**What you are asked to do**
For the entries below, the result should be an exact transcription of the lines from the one with "Vista diagonal del" up to and including the one with "Gaceta Oficial 26102 del 3 Noviembre 1959", and only those.

**Recorded information**
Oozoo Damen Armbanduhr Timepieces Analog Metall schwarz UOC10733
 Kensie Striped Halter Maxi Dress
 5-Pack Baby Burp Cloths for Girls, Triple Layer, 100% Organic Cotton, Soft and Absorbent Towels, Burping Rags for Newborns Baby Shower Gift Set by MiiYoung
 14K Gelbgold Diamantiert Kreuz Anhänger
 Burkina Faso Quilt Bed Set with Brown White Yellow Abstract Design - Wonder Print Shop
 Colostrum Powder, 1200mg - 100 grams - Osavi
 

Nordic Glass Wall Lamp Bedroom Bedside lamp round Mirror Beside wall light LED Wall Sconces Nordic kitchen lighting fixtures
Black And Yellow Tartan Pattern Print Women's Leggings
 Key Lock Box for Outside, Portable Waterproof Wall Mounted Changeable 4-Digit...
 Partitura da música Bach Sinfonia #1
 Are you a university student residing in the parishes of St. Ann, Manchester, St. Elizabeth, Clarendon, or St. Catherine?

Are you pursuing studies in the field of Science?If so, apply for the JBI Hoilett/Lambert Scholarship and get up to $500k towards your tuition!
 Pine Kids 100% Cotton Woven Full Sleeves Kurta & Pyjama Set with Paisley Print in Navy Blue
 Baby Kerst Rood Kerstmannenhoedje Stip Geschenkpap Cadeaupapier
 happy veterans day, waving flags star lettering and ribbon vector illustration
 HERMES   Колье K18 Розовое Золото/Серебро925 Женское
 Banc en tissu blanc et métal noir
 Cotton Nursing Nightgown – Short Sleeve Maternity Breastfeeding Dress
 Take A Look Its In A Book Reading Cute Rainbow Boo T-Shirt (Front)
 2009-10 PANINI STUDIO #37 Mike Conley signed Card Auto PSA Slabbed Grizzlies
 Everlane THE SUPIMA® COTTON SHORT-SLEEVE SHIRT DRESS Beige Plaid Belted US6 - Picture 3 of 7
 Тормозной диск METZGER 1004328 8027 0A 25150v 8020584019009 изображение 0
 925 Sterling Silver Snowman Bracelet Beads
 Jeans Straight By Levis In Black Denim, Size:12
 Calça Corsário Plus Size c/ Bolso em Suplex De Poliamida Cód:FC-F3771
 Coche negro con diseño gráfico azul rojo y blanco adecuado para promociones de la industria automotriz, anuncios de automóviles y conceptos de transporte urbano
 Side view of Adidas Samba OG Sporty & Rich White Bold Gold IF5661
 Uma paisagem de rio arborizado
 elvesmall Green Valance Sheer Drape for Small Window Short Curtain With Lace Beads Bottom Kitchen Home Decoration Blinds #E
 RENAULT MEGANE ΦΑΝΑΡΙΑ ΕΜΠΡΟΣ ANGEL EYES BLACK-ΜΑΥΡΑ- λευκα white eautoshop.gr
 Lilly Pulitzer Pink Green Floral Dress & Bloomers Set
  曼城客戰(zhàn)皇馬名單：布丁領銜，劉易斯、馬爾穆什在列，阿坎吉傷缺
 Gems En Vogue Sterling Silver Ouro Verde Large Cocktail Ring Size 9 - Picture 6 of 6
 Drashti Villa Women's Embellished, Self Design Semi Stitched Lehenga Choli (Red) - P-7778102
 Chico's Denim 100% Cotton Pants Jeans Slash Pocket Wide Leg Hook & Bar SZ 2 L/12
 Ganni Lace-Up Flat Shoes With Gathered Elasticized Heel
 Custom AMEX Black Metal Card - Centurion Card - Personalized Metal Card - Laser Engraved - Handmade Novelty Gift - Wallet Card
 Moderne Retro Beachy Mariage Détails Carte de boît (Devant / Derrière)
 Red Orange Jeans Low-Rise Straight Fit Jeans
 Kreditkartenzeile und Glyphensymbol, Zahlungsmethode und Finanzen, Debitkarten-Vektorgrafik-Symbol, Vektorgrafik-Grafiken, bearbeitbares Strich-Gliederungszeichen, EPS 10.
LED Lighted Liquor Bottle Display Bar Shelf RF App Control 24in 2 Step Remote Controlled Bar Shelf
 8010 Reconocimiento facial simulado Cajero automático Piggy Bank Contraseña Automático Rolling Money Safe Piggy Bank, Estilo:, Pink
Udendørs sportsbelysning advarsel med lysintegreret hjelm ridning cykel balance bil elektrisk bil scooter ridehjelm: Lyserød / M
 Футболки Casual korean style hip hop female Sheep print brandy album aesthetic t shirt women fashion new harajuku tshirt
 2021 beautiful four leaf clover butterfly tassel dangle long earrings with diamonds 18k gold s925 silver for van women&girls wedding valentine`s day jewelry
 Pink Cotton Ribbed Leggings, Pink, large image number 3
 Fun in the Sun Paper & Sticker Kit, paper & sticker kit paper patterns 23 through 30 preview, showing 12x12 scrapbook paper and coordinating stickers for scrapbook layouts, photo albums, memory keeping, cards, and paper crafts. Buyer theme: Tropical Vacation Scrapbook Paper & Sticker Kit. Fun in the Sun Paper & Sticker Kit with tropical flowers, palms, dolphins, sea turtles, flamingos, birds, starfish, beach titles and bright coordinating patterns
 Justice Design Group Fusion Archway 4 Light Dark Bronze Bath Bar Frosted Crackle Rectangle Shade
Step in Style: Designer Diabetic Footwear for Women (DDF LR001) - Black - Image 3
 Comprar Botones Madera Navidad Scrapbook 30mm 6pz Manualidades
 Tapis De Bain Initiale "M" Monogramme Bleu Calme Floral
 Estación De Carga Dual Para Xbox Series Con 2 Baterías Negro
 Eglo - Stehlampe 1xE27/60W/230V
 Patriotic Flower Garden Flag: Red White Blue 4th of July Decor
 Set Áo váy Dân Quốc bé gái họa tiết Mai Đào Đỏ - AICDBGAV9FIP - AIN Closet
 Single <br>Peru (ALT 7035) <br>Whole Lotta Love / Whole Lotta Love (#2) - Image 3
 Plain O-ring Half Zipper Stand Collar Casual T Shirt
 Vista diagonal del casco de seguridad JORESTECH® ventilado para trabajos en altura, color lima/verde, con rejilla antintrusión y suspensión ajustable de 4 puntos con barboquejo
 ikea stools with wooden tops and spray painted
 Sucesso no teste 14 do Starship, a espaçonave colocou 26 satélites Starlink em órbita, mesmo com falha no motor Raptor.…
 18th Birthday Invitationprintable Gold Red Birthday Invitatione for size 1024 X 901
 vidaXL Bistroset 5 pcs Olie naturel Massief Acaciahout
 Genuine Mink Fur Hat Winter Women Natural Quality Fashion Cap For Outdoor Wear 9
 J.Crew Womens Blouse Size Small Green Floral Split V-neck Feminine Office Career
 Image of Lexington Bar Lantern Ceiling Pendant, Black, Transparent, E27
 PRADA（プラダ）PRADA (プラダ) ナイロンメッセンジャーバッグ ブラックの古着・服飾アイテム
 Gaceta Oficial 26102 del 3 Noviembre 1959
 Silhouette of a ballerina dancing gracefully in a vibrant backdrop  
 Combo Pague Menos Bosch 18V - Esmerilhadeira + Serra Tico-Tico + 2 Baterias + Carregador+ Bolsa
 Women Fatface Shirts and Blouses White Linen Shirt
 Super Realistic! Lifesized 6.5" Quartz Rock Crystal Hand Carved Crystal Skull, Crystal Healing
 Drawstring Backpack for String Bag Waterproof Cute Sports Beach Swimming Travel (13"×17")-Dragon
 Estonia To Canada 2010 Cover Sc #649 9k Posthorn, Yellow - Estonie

**Exercise response**
 Vista diagonal del casco de seguridad JORESTECH® ventilado para trabajos en altura, color lima/verde, con rejilla antintrusión y suspensión ajustable de 4 puntos con barboquejo
 ikea stools with wooden tops and spray painted
 Sucesso no teste 14 do Starship, a espaçonave colocou 26 satélites Starlink em órbita, mesmo com falha no motor Raptor.…
 18th Birthday Invitationprintable Gold Red Birthday Invitatione for size 1024 X 901
 vidaXL Bistroset 5 pcs Olie naturel Massief Acaciahout
 Genuine Mink Fur Hat Winter Women Natural Quality Fashion Cap For Outdoor Wear 9
 J.Crew Womens Blouse Size Small Green Floral Split V-neck Feminine Office Career
 Image of Lexington Bar Lantern Ceiling Pendant, Black, Transparent, E27
 PRADA（プラダ）PRADA (プラダ) ナイロンメッセンジャーバッグ ブラックの古着・服飾アイテム
 Gaceta Oficial 26102 del 3 Noviembre 1959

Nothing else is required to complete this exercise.